YOUR ASSIGNMENT:
All of the data below must be reproduced word for word, but without its images.

[DATA SHOWN — start]

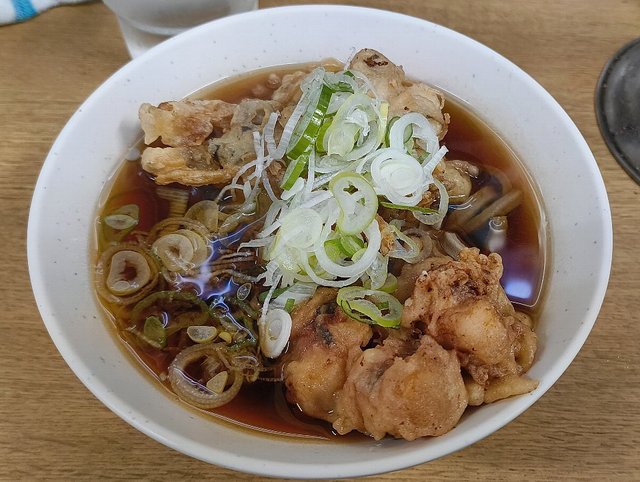 きのこ盛り天＋ミニゲソ天＋太そば（小盛）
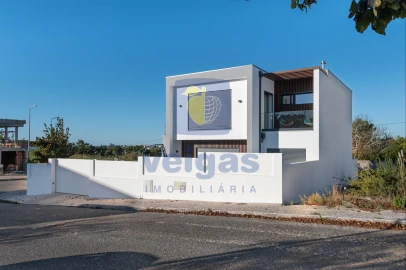 Moradia T4 para Venda em Caldas da Rainha - Santo Onofre e Serra do Bouro
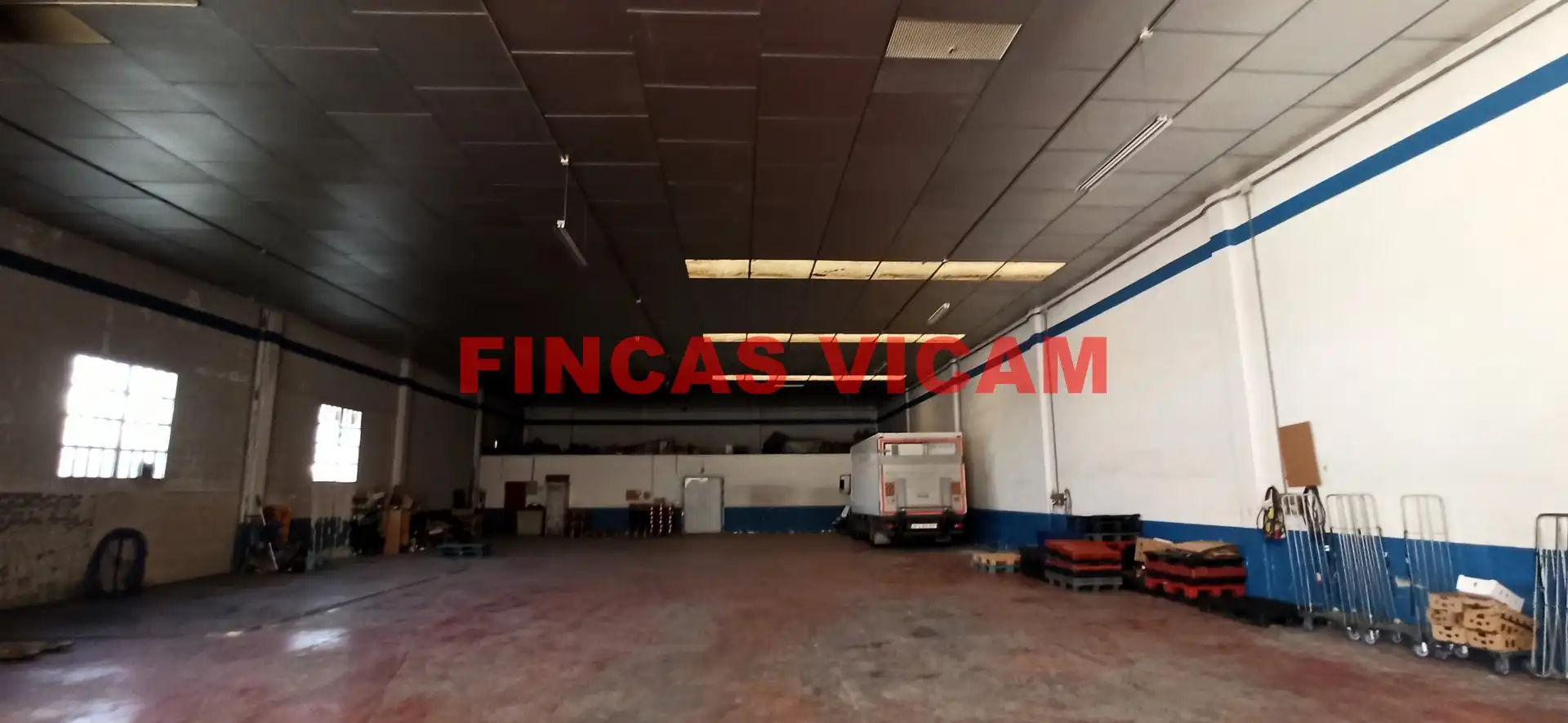 Nave industrial en venta en Huesca con Calefacción y Alarma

[DATA SHOWN — finish]

SOLUTION FOR THIS EXERCISE:
 きのこ盛り天＋ミニゲソ天＋太そば（小盛）
 Moradia T4 para Venda em Caldas da Rainha - Santo Onofre e Serra do Bouro
 Nave industrial en venta en Huesca con Calefacción y Alarma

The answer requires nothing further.